Pollan argues that we should think more carefully about the power caffeine has over our lives. Caffeine use can have many implications, both good and bad. Caffeine, especially when consumed in high quantities or later in the day, negatively impacts sleep quality substantially due to it blocking the binding of adenosine to receptors in the brain. Caffeine also has positive implications for cognitive and physical enhancement if used correctly, and is an ergogenic and nootropic.

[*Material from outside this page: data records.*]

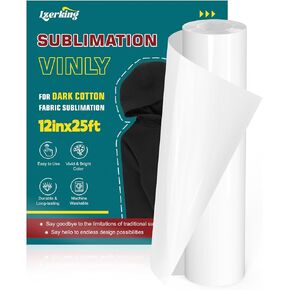 Lzerking Sublimation Htv for Dark Fabric 12in x 25ft Matte Sublimation Vinyl for Cotton Shirts, DIY Gifts, Easy Subli Heat Transfer Vinyl Compatible with xTool M1, Cricut Cutting Machines
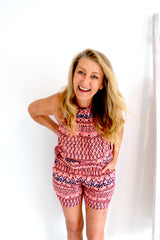 Tahiti Jumpsuit In Aztec Sunset Coral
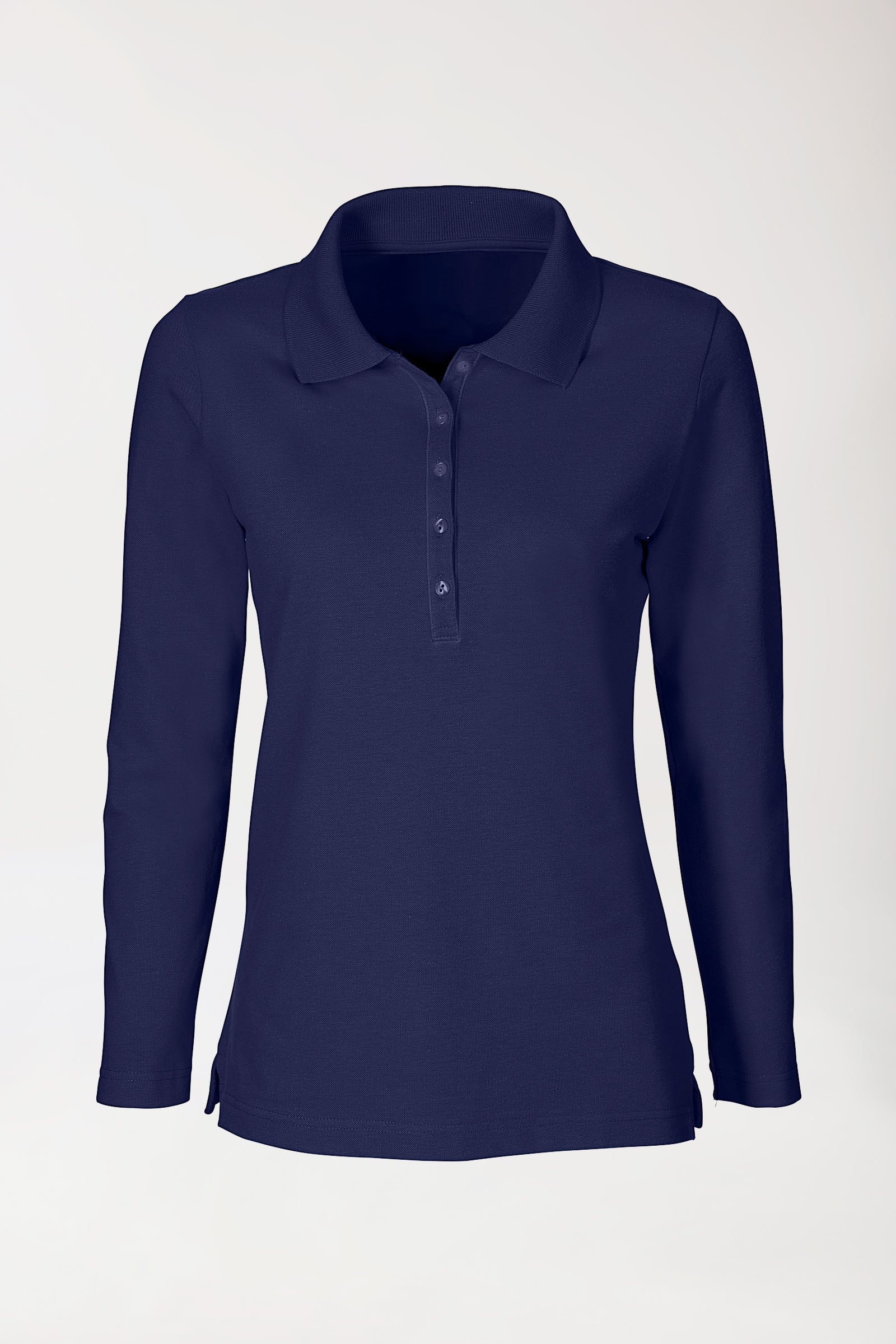 Stretch shirt dames - 1/1 mouw met polokraag navy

Many of the sleep experts Pollan talks to in the book do not use caffeine and recommend avoiding it entirely because it can disrupt sleep significantly.

=== Mescaline ===
Mescaline is a naturally occurring psychedelic alkaloid, found famously in the Peyote and San Pedro cacti species. Its effects are mainly contributed to its binding of the serotonin 5-HT2A/2C receptor agonist; however, mescaline also binds in similar quantities to the 5-HT1A and α2A receptors.

In this chapter, Pollan discusses how the Native American ceremonial use of mescaline- containing peyote cactus played a huge role in keeping their culture alive during the US government's attempts to systemically eradicate it in the late 19th century.

The development of the Native American Church, for which Mescaline is a sacrament, protected Native American culture from the efforts of the US government to destroy it, as they were protected by the First Amendment's right to the free exercise of religion.

Pollan also discusses the historical and political circumstances surrounding how Native American peyote use became widespread, and the key figures involved in fighting for their rights to survive and use Peyote, such as the famous native American Quanah Parker.

At the end of the Chapter, Pollan attends a Mescaline ceremony with his wife, Judith. During the ceremony, Judith reports feeling 'emptied and cleansed' by the experience, after feeling initial intense discomfort.

Pollan's report for the Mescaline experience was primarily positive. Pollan discusses 'visiting' people in his life, both alive and gone, as well as feeling as though personal issues he had planned on resolving were passing his field of awareness and being cathartically 'released', and the anxiety they were causing forgotten. After being encouraged to practice forgiveness and gratitude by the ceremony leader, Talmona, Pollan reports summoning those closest to him and offering his forgiveness to them. Afterwards, Pollan reported feeling intense gratitude for having these people in his life, as if despair was no longer an option.

Peyote cactus grows primarily in Texas in small amounts. The cactus is illegal to grow, possess, or consume except for native americans, who have had the right to do so since U.S. President Clinton signed the American Indian Religious Freedom Act Amendments in 1994. San Pedro cactus is native to the Andes, and is legal to grow. It is less known for containing mescaline, and instead is popularly grown in California as an ornamental.

== Reception ==
Pollan featured on numerous podcasts to promote the book, including The Joe Rogan Experience and The Tim Ferriss Show.

The Financial Times says that whilst the book briefly touches on the pharmacology and toxicology of these drugs, it primarily discusses the relationships between these plant drugs and the humans that consume them, talking in a non-judgmental and objective way, and seeking to dispel the ignorance and demonisation that often surrounds these drugs. They describe Pollan as focusing on these drugs' status within society from an economic, legal, sociological, and anthropological angle.

Tim Adams, writing in The Guardian, describes the book as a "fascinating insight into our relationship mind-altering plants", blending personal use and historical cultural discussion.

Rob Dunn, of The New York Times, says that Pollan "masterfully elevates a series of big questions about drugs, plants and humans that are likely to leave readers thinking in new ways".